Kuşkusuz ki Suriye’deki savaşın artık binlerle ifade edilen ülke içi ve ülke dışı aktörü bulunmaktadır. Savaş Suriye ile sınırlı kalmamakta; özellikle Rojava’daki Kürtleri de hedef alan İŞİD gibi barbar örgütler vasıtasıyla diğer ülkeleri de kasıp kavurmaktadır. El Nusra, El Kaide, İŞİD gibi örgütlerin savaş kurallarını alt üst eden acımasız yöntemlerine açıktan ya da gizliden destek veren Türk dış politikasının sırf Kürt karşıtlığı üzerine kurulması Türkiye toplumunda pek tartışılmadı. Ancak son gelişmeler (Nitekim savaş Irak’a sıçramış bulunuyor, ileriki günlerde hangi ülkelere yansıyacağını bilmiyoruz) gösteriyor ki Türk iç ve dış politikası sorgulanmalıdır. Kürt hareketinin ve muhalefetin, Türk dış politikasını bu anlamda ne kadar dönüştürdüğü ise sorgulanması gereken temel alanlardan biridir.
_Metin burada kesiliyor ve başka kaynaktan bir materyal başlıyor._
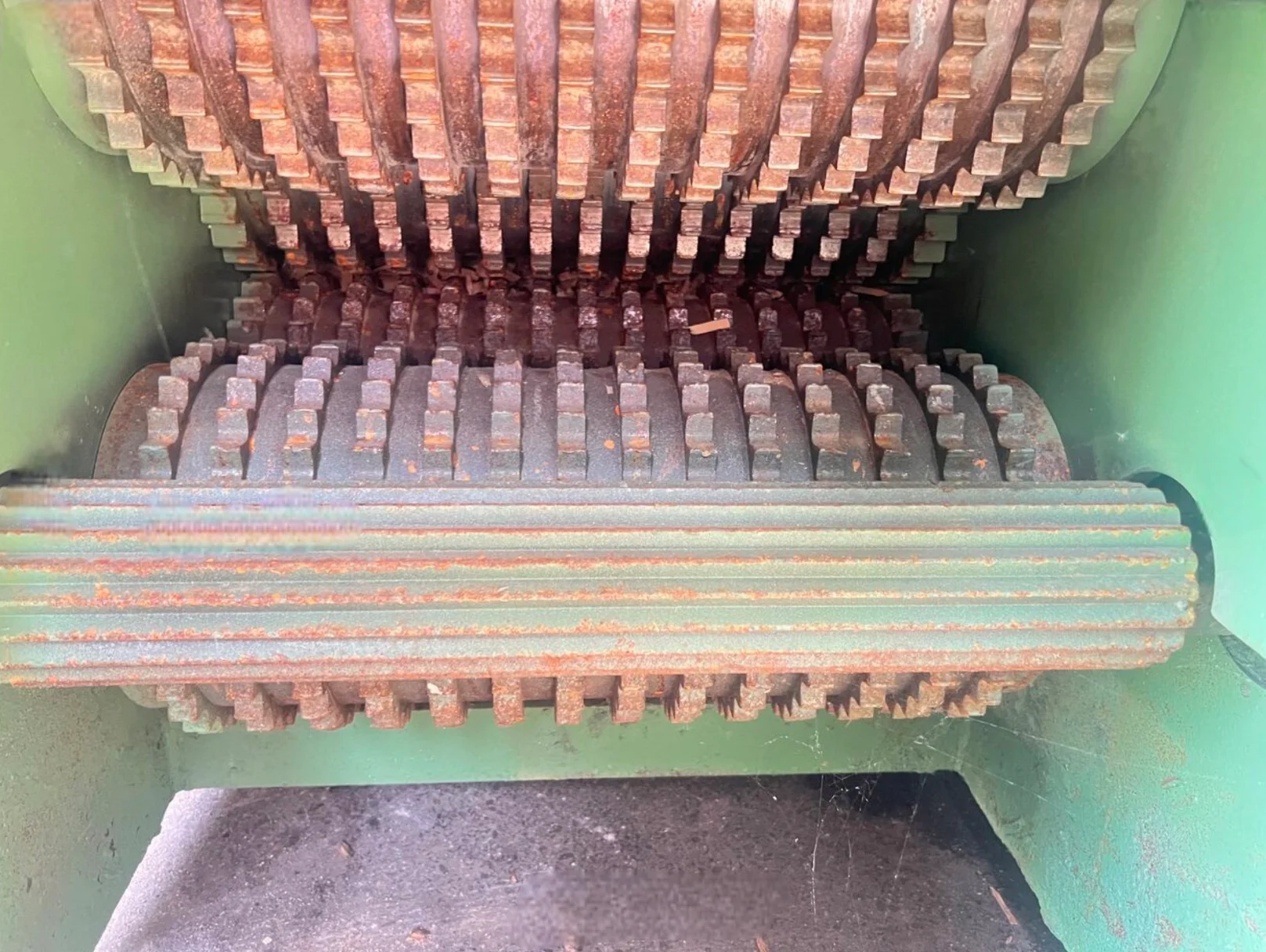 Runick & Enners RE-TH 250/650/5 - Bild 6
Savaşın sebep olduğu trajik ölümler, yaralıların akıbeti, göç olgusu, salgın hastalıklar, tıbbi sorunlar, kadın ve çocukların mağduriyeti, keyfi cezalandırma yöntemleri, kentlerin ve tarihi eserlerin talan edilmesi, açlık vb. yüzlerce sorun bulunmaktadır. Bu aşamada mağduriyetin dili, dini, ırkı olmadığı, bir bütün olarak tüm Suriye vatandaşlarının mağdur edildiği tüm çıplaklığıyla göz önündedir. Bu nedenle Türkiye’de insan haklarını temel alacak bir Suriye politikasına ihtiyaç vardır. Bu politika Rojava’yı, Ermenileri, Alevileri vb. dışlamayan; Suriye’deki tüm etnik, dini, kültürel toplulukların mağduriyetini esas alan bir politika olmalıdır.
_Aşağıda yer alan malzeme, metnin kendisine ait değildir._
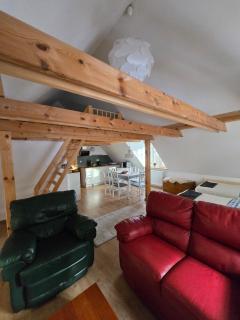 Janovská chalupa - 5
Dosya oluştururken çok geniş bir mağduriyet alanını incelemek özel bir çaba ve enerji gerektirdiğinden ve özellikle de Rojava’da yaşayan halkların eşit temsiliyet esasıyla kurdukları alternatif yönetim modelinin kendi geleceklerine dair yarattığı dinamizm çıkış noktamız oldu. Nitekim Rojava’da ağır savaş koşullarına rağmen hayata geçirilmeye çalışılan Demokratik Özerk Yönetim Modeli, Ortadoğu ülkelerine örnek olabilecek nitelikler taşımaktadır. Rojava modeli, gücünü ve meşruiyetini halkın öz yönetiminden alan, çok dilli, çok kültürlü, çok dinli, halk meclislerini esas alan, adem-i merkeziyetçi, sosyal politikalara dayalı çoğulcu parlamenter sistem önermektedir. Rojava’da yaşayan halkların eşit temsiliyeti esasıyla kurdukları yönetimlerin başarıya ulaşması durumunda Suriye savaşının sonucunda belki de tek demokratik kazanım elde edilmiş olacaktır. Bu nedenle Rojava bölgesi başlı başına bir inceleme ve okuma alanı olarak karşımıza çıkmaktadır.
Dosyada Suriye tarihi üzerinden Rojava siyasi tarihi, Rojava’nın demografik yapısı, savaşın sebep olduğu göç ve mağduriyet, kanton yönetimi üzerinden Rojava’daki demokratik yönetim modeli, Rojava Kürtleri ve güç dengeleri, Rojava’nın uluslararası arenadaki temsiliyeti gibi temalar düşünülerek çeşitli yazılara ve videolara yer verildi.